> Your assignment
Leaving the pictures aside, write out the whole listing below exactly.
Raw data START
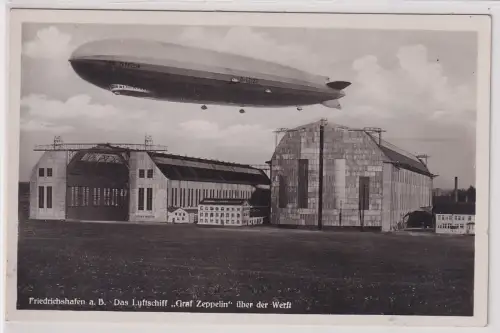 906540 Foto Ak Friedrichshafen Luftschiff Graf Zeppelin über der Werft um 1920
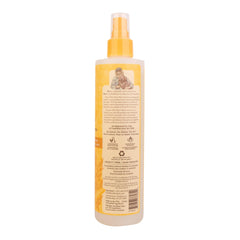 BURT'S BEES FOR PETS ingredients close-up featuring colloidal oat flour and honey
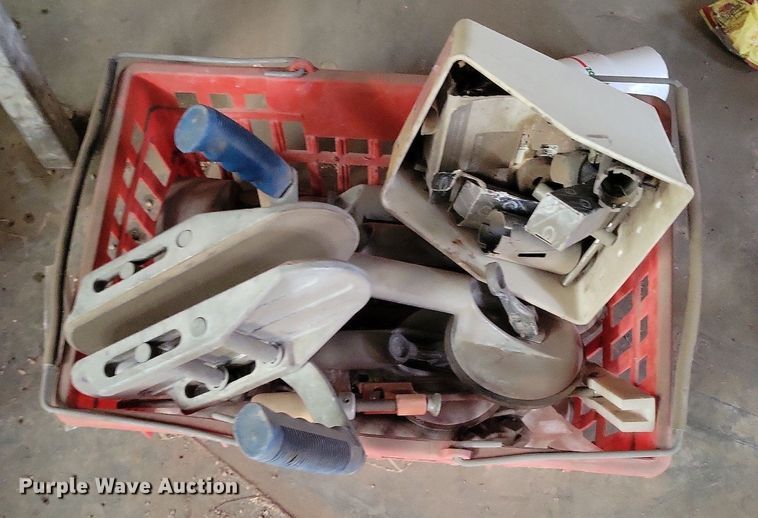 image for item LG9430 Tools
Raw data END
> Task response
 906540 Foto Ak Friedrichshafen Luftschiff Graf Zeppelin über der Werft um 1920
 BURT'S BEES FOR PETS ingredients close-up featuring colloidal oat flour and honey
 image for item LG9430 Tools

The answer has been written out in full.